International Space Station

The International Space Station appears as a streak of light when photographed at a long exposure feed. This photo, taken by Michael Johnson, was shot on a 15-second exposure, f5.6 at 100 ISO. The inset photo is the ISS, courtesy of NASA.

JASPER COUNTY — Did you see it in the sky last night?

The International Space Station (ISS) flies overhead fairly regularly, but for space enthusiasts, the sight of watching it streak overhead against the backdrop of a darkened sky never gets old.

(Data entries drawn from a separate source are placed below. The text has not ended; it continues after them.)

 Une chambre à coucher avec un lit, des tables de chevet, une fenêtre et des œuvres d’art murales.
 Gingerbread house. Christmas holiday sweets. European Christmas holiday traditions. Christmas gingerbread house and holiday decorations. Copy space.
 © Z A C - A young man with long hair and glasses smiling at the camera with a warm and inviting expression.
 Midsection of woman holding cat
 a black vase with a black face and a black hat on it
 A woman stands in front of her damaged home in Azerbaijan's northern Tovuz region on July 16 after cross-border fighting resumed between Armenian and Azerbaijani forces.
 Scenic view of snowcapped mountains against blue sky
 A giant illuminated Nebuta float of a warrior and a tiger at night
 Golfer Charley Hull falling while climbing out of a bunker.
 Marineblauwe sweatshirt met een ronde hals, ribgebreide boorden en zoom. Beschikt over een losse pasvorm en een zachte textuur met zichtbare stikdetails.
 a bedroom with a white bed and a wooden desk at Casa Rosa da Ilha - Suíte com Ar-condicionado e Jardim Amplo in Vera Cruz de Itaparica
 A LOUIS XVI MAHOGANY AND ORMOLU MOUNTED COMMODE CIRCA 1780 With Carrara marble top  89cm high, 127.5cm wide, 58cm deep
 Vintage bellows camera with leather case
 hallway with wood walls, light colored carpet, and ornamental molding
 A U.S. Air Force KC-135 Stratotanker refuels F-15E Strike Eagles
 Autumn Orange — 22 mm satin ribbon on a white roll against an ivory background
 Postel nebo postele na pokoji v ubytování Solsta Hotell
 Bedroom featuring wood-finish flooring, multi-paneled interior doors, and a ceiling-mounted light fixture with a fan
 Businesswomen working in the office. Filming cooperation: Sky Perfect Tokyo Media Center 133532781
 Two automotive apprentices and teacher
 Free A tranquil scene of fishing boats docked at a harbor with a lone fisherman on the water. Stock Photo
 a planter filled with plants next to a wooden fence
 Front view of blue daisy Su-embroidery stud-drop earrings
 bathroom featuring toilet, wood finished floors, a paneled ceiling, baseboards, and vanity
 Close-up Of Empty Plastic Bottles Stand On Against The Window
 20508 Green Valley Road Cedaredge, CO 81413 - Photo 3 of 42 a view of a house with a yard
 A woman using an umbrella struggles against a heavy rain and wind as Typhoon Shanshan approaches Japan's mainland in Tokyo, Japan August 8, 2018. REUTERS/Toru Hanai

Tuesday evening was one of those nights as it was visible to the naked eye at about 7 p.m. EST. It appeared in the northwestern sky, traveling at about 17,500 mph, in a straight line overhead before disappearing in the southeast. It remained visible for about six minutes, according to www.nasa.gov.

It was the brightest — and easily the fastest — object in the sky at the time, resembling a passenger jet without the flickering lights. According to the NASA website, the sightings occur within a few hours before or after sunrise or sunset. The space station is visible because of the sun’s reflection off the ISS solar arrays that surround it.

If you missed out Tuesday night, there will be more opportunities, including Oct. 9 at 7:47 pm EST for about three minutes, and again Oct. 10 and Oct. 12 at around 7 p.m. EST for two to three minutes each day.